GroupReduce: Block-Wise Low-Rank Approximation for Neural Language Model Shrinking
Patrick H. Chen,
Si Si,
Yang Li,
Ciprian Chelba
and Cho-jui, Hsieh
In Advances in Neural Information Processing Systems
(NeurIPS),
2018
Model compression is essential for serving large deep neural nets on devices with
limited resources or applications that require real-time responses. As a case study, a
neural language model usually consists of one or more recurrent layers sandwiched
between an embedding layer used for representing input tokens and a softmax
layer for generating output tokens. For problems with a very large vocabulary
size, the embedding and the softmax matrices can account for more than half of
the model size. For instance, the bigLSTM model achieves great performance
on the One-Billion-Word (OBW) dataset with around 800k vocabulary, and its
word embedding and softmax matrices use more than 6GBytes space, and are
responsible for over 90% of the model parameters. In this paper, we propose
GroupReduce, a novel compression method for neural language models, based
on vocabulary-partition (block) based low-rank matrix approximation and the
inherent frequency distribution of tokens (the power-law distribution of words).

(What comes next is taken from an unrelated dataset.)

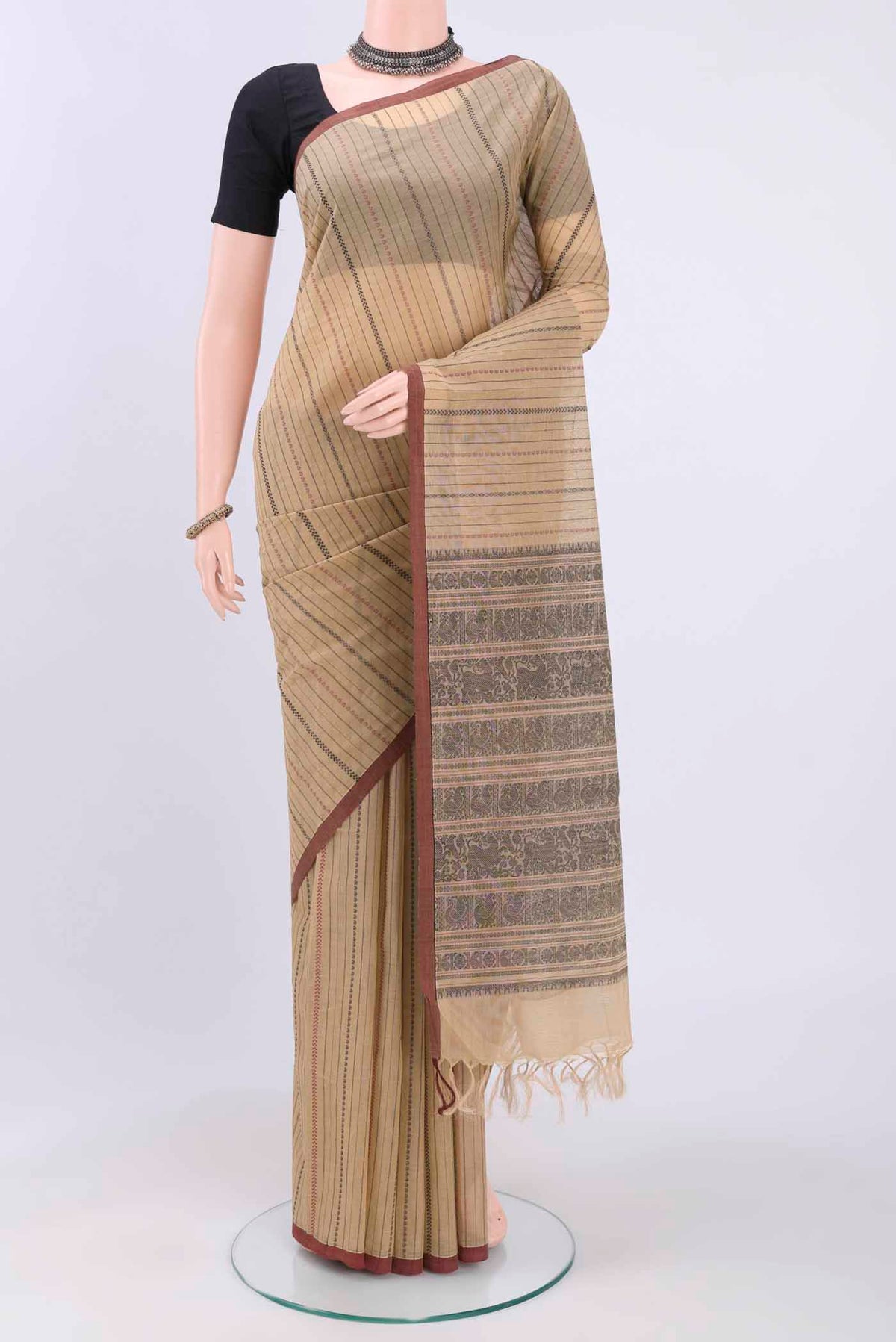Beige Kanchi Cotton Saree with Stripes on the body and Plain Border displayed on a mannequin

The experimental results show our method can significantly outperform traditional
compression methods such as low-rank approximation and pruning. On the OBW
dataset, our method achieved 6.6 times compression rate for the embedding and
softmax matrices, and when combined with quantization, our method can achieve
26 times compression rate, which translates to a factor of 12.8 times compression
for the entire model with very little degradation in perplexity.